Calls to Hanson's attorney, John McGuinn, were not immediately returned Thursday. He told Comcast SportsNet California that he did not understand the decision not to press charges.

"All I know is they had abundant evidence to proceed, but they chose not to," McGuinn said. "I don't know why they didn't."

Lieberstein said there was not enough evidence for a jury to convict Cable of any offenses beyond a reasonable doubt.

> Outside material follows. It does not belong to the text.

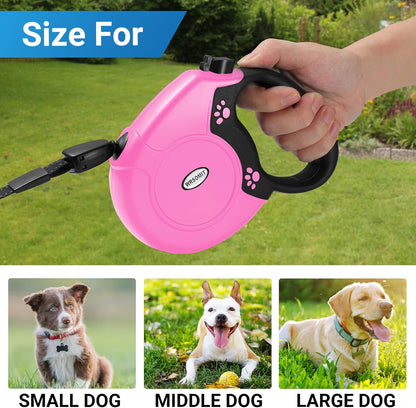 Wrsomit dog leash nylon tape extension mechanism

He said interviews with the three assistants established that Cable did not punch Hanson or make any verbal threats. He said evidence showed Cable became angry and rushed toward Hanson, but Washington stepped between the coaches.

Cable ran into Washington, who bumped into Hanson and knocked him out of his chair. The witnesses also told authorities that Cable then grabbed Hanson by the shirt but never struck or threatened him. Cable did not talk to police.


Jets players benched

New York Jets Coach Rex Ryan benched safety James Ihedigbo and linebacker Marques Murrell for the team's next game because he thought they took things too far by throwing punches at Buffalo's Derek Fine during a 16-13 overtime loss last weekend.

"Quite honestly, that's not the way we're going to play football," Ryan said Thursday, speaking for the first time about his decision. "What they did was selfish, I thought."

Ihedigbo and Murrell each was fined $5,000 by the NFL for their actions Sunday, and Ryan plans to make both players inactive for New York's game at Oakland.



Pittsburgh Steelers safety Troy Polamalu didn't practice for the second straight day while he heals from a left knee injury. Polamalu is not believed to have had a setback in his rehabilitation, and he's expected to play Sunday against Minnesota as long as he practices today. . . . Philadelphia Eagles Coach Andy Reid said linebacker Omar Gaither will have surgery on his left foot and will sit out the rest of the season. Gaither suffered the injury during Sunday's loss to the Raiders. . . . The San Diego Chargers have had numerous players miss practice as they continue preparations for Sunday's game at Kansas City. Running backs LaDainian Tomlinson and Jacob Hester, wide receiver Buster Davis and linebacker Jyles Tucker were unable to practice Thursday. Coach Norv Turner said, "We have a little bit of the flu going around."